- Exercise materials
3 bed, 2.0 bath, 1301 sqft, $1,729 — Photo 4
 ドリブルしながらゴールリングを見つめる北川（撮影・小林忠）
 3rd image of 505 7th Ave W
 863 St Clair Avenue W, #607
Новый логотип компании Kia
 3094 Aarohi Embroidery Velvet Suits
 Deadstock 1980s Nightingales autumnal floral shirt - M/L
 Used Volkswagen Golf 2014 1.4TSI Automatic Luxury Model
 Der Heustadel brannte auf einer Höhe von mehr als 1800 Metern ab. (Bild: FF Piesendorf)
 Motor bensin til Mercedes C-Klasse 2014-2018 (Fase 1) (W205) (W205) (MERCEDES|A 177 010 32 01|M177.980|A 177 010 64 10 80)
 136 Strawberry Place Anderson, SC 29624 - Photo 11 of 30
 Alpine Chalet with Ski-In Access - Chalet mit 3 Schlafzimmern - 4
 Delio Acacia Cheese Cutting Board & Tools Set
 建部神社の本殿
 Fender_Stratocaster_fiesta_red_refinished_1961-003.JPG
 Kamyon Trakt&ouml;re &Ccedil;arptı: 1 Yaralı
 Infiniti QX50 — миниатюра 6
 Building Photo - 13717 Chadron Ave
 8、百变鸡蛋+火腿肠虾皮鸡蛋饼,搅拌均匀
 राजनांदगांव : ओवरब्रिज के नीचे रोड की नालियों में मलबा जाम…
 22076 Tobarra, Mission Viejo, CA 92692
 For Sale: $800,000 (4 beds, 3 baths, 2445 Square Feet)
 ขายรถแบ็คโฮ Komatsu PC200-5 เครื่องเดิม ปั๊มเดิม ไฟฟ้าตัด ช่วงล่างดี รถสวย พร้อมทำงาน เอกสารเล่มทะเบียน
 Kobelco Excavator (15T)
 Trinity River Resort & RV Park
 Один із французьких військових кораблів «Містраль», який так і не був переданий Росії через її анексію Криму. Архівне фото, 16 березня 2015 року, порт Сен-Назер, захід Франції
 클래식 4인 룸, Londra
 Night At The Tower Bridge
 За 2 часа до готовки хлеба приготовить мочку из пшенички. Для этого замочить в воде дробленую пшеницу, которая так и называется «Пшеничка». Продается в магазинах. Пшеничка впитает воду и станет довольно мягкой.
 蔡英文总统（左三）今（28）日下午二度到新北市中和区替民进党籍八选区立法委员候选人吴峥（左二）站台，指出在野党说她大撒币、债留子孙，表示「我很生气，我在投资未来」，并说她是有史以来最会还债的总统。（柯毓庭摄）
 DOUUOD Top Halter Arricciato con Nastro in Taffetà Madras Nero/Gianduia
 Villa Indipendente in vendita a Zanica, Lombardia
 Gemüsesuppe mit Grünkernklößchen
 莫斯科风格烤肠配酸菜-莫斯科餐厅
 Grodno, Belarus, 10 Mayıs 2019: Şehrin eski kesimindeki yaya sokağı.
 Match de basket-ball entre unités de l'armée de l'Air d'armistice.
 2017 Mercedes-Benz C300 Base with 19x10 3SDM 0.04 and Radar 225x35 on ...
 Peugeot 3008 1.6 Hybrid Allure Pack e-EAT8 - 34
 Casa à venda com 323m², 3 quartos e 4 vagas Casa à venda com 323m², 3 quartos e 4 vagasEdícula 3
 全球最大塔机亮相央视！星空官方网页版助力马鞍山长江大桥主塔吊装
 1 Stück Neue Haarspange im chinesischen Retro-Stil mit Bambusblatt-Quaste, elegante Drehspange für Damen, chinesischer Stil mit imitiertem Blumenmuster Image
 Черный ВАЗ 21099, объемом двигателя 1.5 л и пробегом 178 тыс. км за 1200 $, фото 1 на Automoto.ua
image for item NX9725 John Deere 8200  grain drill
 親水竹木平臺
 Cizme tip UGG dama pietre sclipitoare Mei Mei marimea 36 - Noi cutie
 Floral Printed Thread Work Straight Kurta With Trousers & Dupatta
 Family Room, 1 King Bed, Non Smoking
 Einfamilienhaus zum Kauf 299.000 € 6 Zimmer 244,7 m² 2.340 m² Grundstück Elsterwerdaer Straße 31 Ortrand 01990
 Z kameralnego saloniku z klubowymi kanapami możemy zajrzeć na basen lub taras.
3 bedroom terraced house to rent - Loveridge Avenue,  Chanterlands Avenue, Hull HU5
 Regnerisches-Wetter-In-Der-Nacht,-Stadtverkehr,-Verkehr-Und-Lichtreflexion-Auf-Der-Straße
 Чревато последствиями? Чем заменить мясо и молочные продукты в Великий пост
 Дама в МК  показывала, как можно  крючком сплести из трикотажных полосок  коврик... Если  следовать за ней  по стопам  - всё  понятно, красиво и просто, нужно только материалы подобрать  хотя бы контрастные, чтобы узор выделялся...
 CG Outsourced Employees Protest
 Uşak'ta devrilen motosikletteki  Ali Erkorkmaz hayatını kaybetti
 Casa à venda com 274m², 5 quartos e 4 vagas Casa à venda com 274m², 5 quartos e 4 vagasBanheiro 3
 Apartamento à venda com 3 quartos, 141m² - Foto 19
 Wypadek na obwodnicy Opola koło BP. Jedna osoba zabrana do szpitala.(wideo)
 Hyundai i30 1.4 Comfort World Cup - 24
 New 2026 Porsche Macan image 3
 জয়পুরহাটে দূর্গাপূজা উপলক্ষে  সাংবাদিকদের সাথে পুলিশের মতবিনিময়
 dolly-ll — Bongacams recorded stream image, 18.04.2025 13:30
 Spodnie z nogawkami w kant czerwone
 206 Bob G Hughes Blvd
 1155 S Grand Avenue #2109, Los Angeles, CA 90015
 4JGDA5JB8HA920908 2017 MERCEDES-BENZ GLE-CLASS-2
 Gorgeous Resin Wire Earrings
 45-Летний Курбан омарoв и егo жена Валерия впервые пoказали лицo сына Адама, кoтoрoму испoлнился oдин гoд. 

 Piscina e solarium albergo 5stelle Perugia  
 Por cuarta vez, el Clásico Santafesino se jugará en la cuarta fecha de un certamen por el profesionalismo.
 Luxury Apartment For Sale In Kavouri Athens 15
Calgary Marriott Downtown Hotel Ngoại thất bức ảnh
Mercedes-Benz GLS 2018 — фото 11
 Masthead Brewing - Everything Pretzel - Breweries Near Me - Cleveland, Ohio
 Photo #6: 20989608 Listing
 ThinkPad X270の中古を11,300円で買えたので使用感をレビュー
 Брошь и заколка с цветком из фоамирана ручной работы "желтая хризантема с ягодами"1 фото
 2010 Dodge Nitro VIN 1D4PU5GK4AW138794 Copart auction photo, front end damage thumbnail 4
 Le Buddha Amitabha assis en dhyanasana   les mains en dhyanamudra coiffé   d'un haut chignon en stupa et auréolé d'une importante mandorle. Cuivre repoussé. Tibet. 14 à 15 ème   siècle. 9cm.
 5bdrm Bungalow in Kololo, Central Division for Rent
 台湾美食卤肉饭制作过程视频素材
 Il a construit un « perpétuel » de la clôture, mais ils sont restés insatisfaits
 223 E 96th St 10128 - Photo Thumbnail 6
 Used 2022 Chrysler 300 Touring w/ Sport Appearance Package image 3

- What the exercise asks
All lines with the string "фото" must be copied from the data.

- Answer to the problem
 Один із французьких військових кораблів «Містраль», який так і не був переданий Росії через її анексію Криму. Архівне фото, 16 березня 2015 року, порт Сен-Назер, захід Франції
 Черный ВАЗ 21099, объемом двигателя 1.5 л и пробегом 178 тыс. км за 1200 $, фото 1 на Automoto.ua
Mercedes-Benz GLS 2018 — фото 11
 Брошь и заколка с цветком из фоамирана ручной работы "желтая хризантема с ягодами"1 фото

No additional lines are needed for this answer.